Task statement: Any picture in the material should be left out, while all other lines are copied exactly.

Data section:
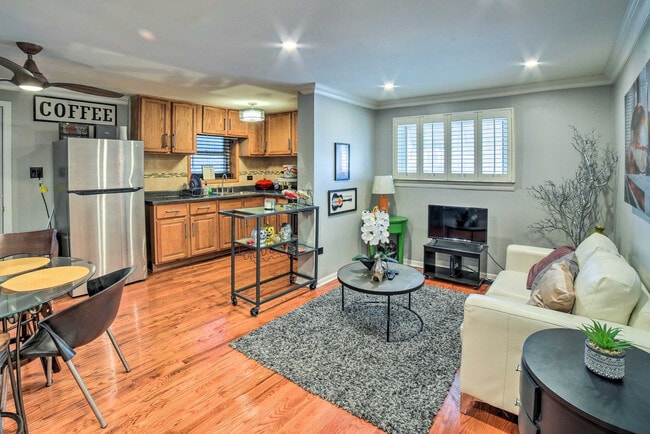 Photo - 703 S Central Park Ave Unit SI FL1-ID1545959P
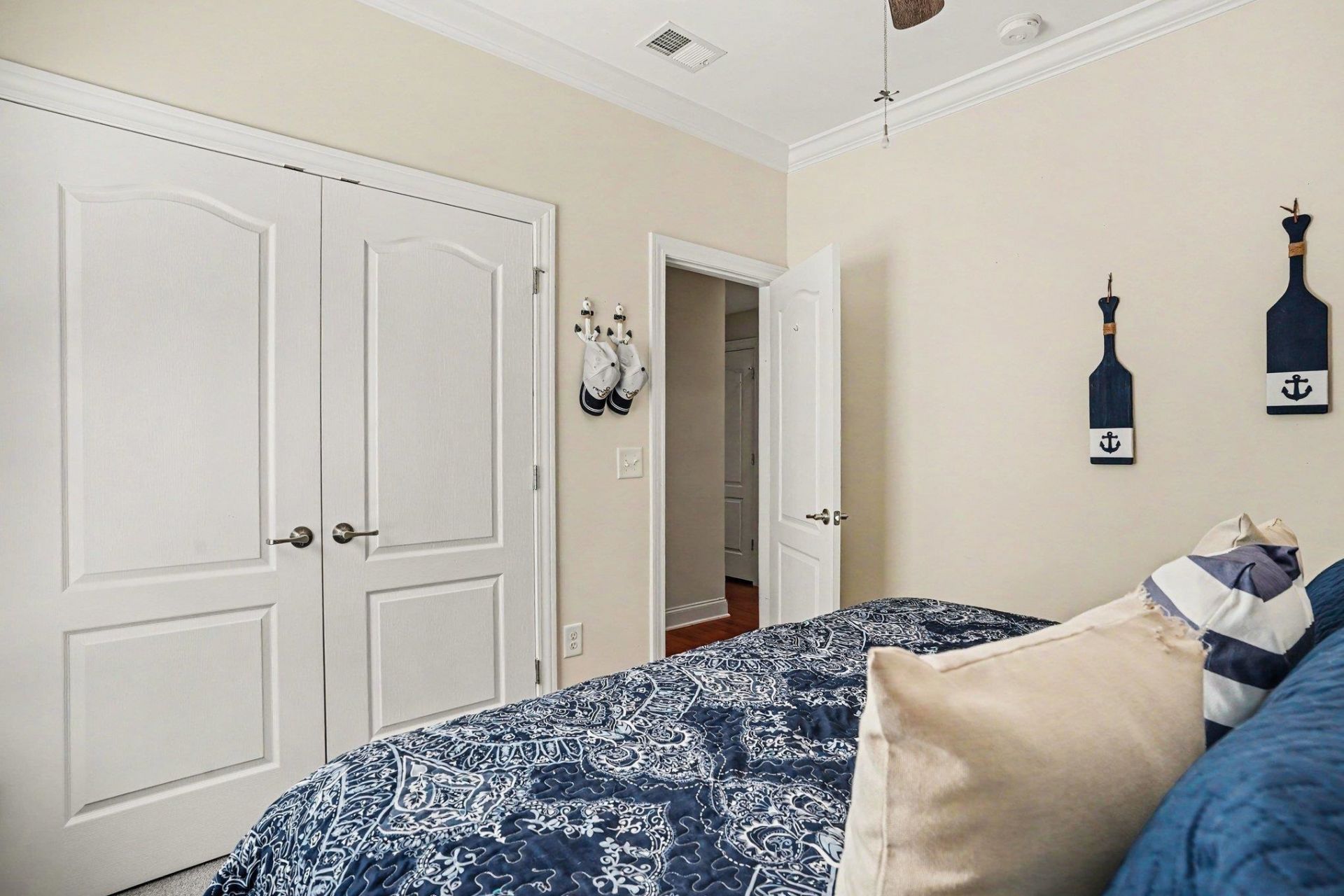 962 Henry James Dr. Photo 21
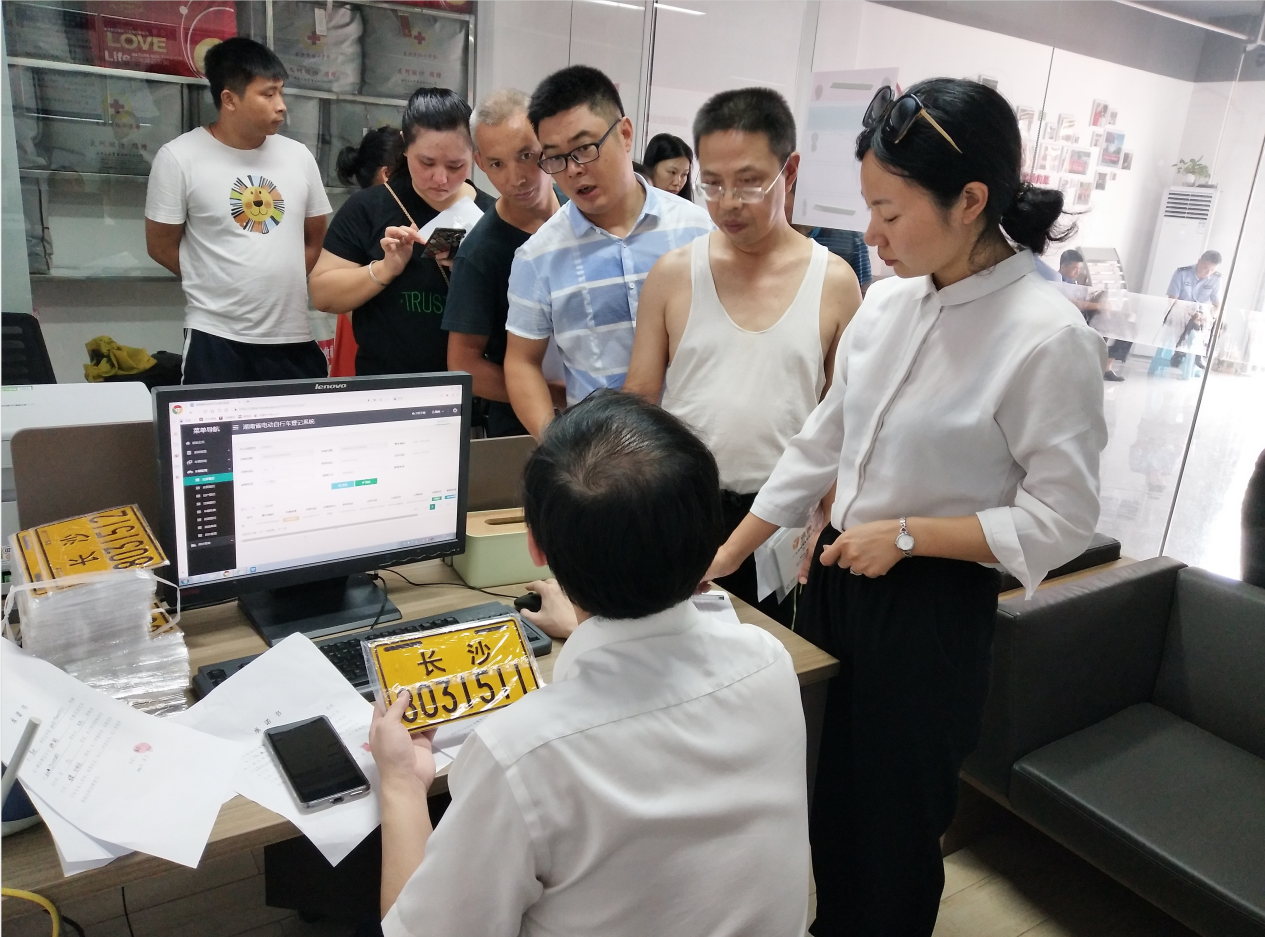 市民在家门口排队上牌。 长沙晚报通讯员 陈辉 供图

Solution to the exercise:
 Photo - 703 S Central Park Ave Unit SI FL1-ID1545959P
 962 Henry James Dr. Photo 21
 市民在家门口排队上牌。 长沙晚报通讯员 陈辉 供图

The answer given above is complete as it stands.